She leaned her head on his shoulder, tears of relief pricking her eyes. "Thank you."
That night, star-gazing became their favorite ritual. Satoru had moved his massive brass telescope to the highest turret. He would sit on a pile of furs, pulling her between his knees, pointing out the constellations of 1812.
"That’s Orion," he murmured, his arms wrapping around her middle, his chin resting on her shoulder. "He’s a hunter. Like you. And there—that’s the North Star. Constant. Unwavering."
"In my time, we used the stars to navigate ships and planes," she said softly, leaning back into his warmth. "But here... they look like a map of something deeper."
Satoru turned her in his arms, the moonlight catching the crystalline blue of his eyes. "They’re a map of the soul, my lady.

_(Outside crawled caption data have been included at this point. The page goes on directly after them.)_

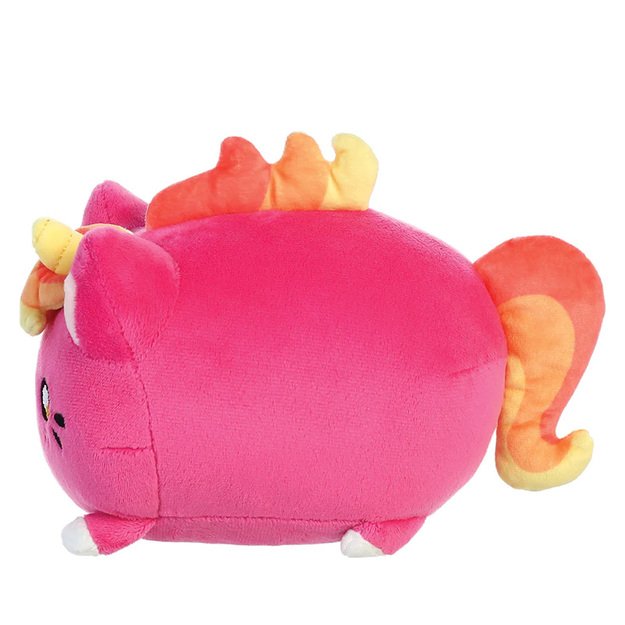 Tasty Peach - pliušinis talismanas 18 cm Berry Sunset Meowchi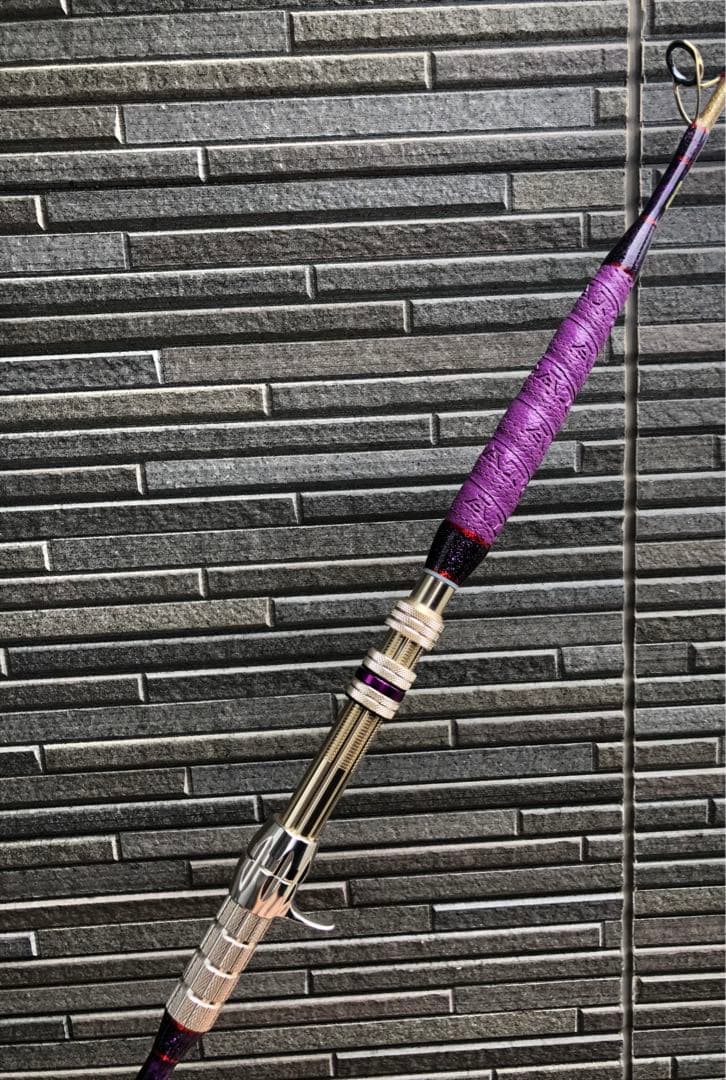 ALLIGATOR LT8-180K ライトロッド中古　トリガー付き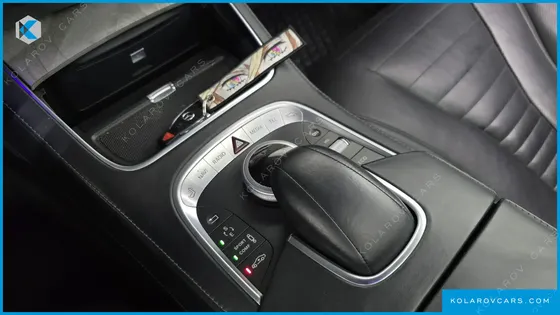 MERCEDES S-CLASS S550L 4MATIC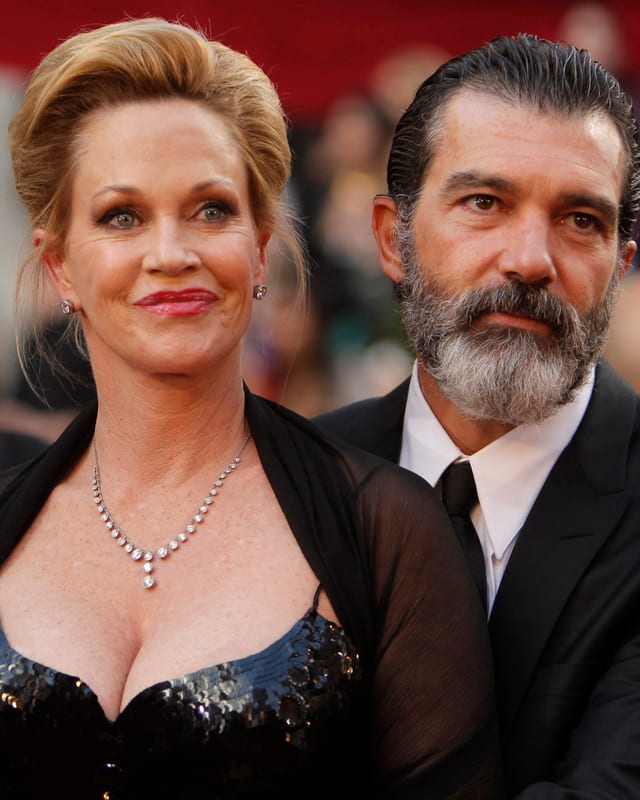 Melanie Griffith und Antonio Banderas Melanie Griffith und Antonio Banderas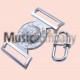 Parade General Service Belt Buckle with 2 Side Buckle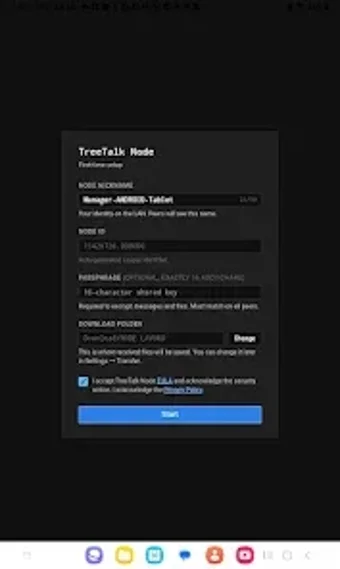 Bild 0 für TreeTalk Node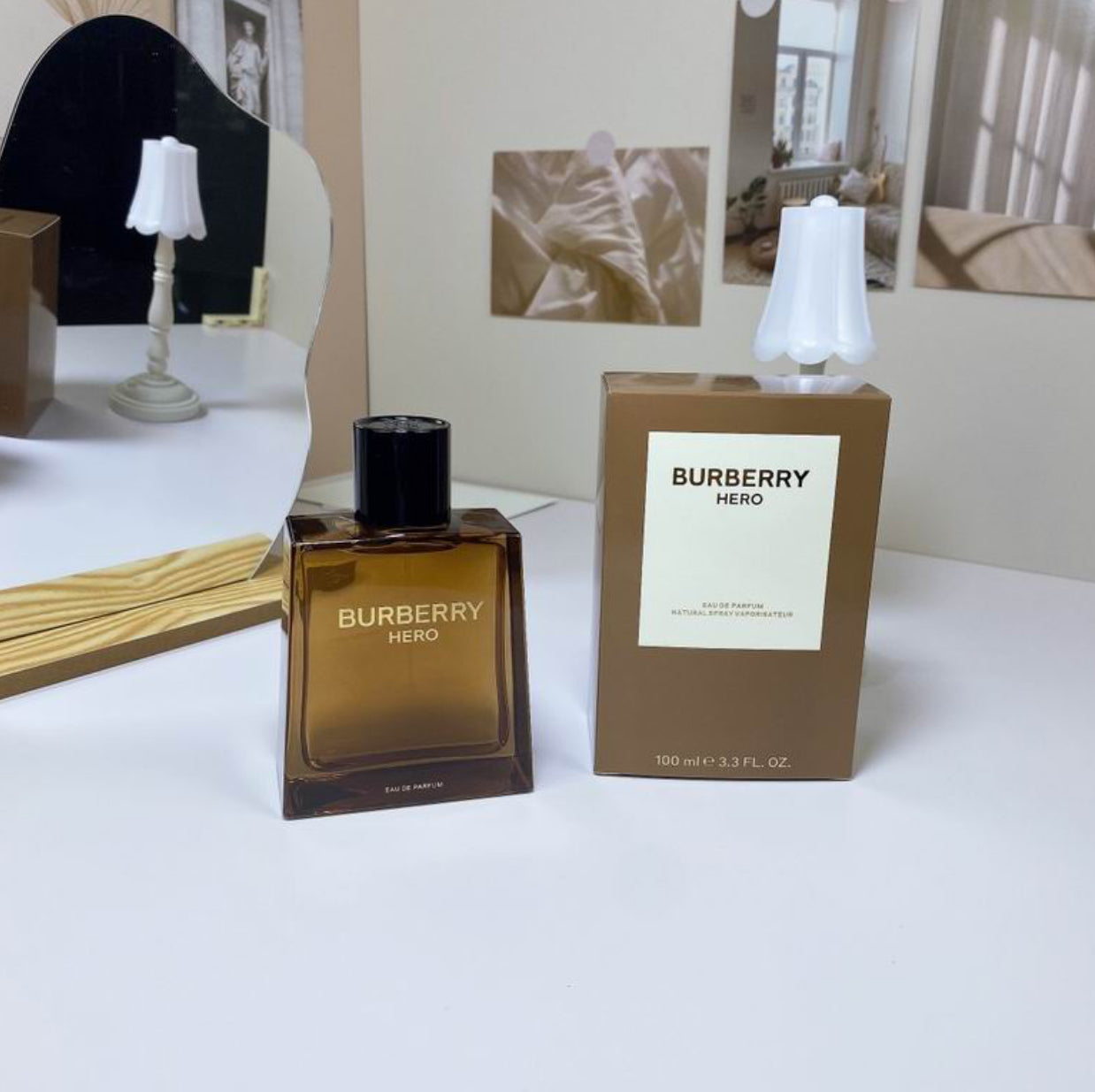 Authentic Burberry HERO EAU DE PARFUM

No matter the century, the stars don't change. And neither does the way I feel when I’m holding you."
He leaned down, his lips meeting hers in a slow, lingering kiss that felt like a promise. For the first time, she didn't see a ghost when she closed her eyes. She felt the rough callouses on his hands—hands that had worked a forge for her—and the steady, rhythmic beat of a heart that beat only for her.
"I'm not going anywhere," he whispered against her lips. "Not in this life. Not in the next."

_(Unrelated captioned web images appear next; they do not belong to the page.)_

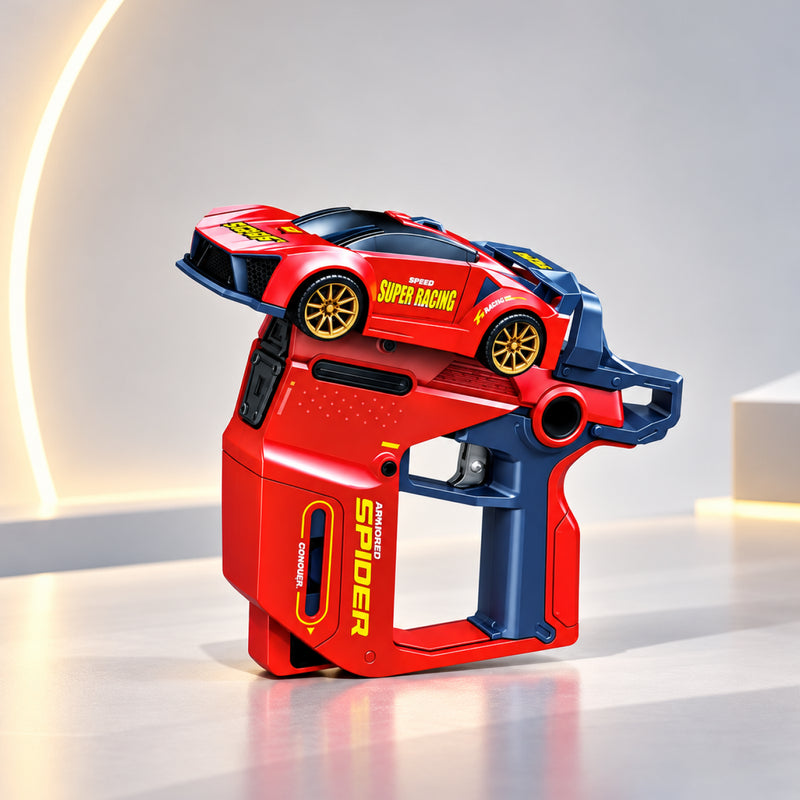 Racing Car Launcher – Remote Control Shooting Car Toy
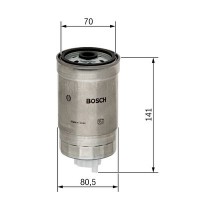 Bosch Фильтр топливный BOSCH 1457434511 - Заображення 5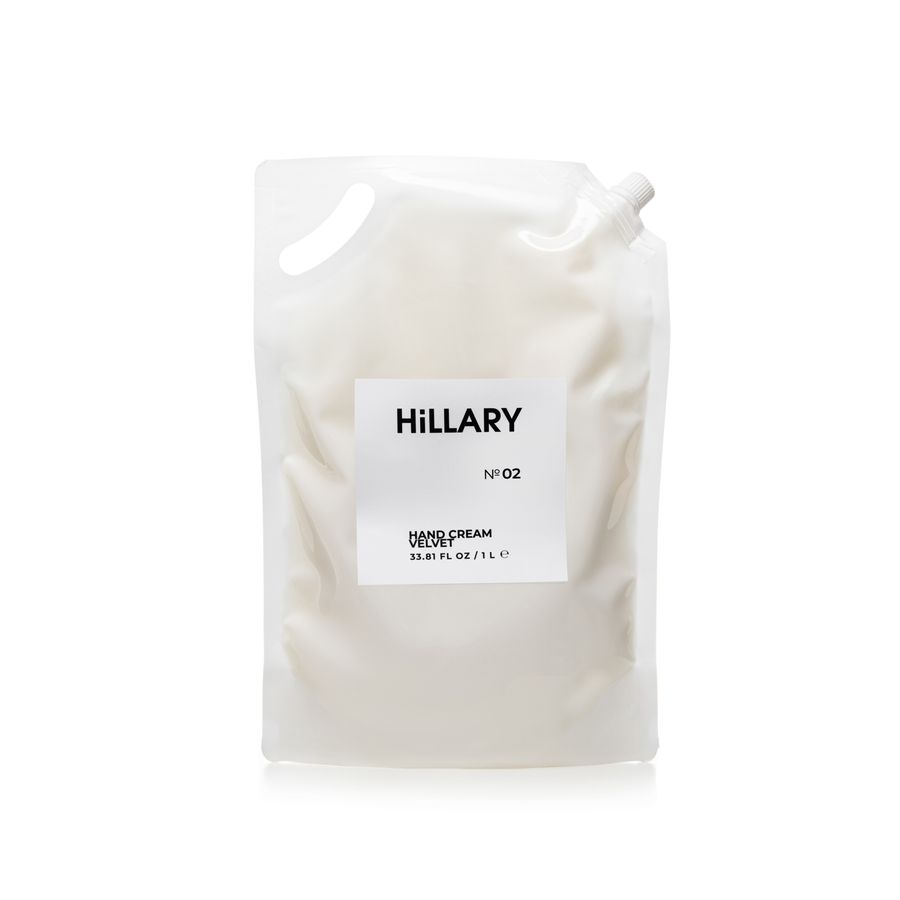 Крем для рук Hillary Hand Cream Velvet, 1 л - фото №1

She smiled, a true, brilliant smile that reached her eyes. "Then you'd better keep up, Your Grace. Because I have no intention of slowing down."
The afternoon sun poured into the Duke’s drawing room, illuminating the dust motes that danced around Gojo Satoru as he paced with an uncharacteristic restlessness. In the corner, a massive canvas sat on a mahogany easel, guarded by a very patient, very expensive painter who looked like he wanted to be anywhere else.
"Absolutely not," she said, not looking up from the blade she was sharpening. The rhythmic shing-shing of the whetstone was the only thing keeping her grounded in this velvet-draped reality.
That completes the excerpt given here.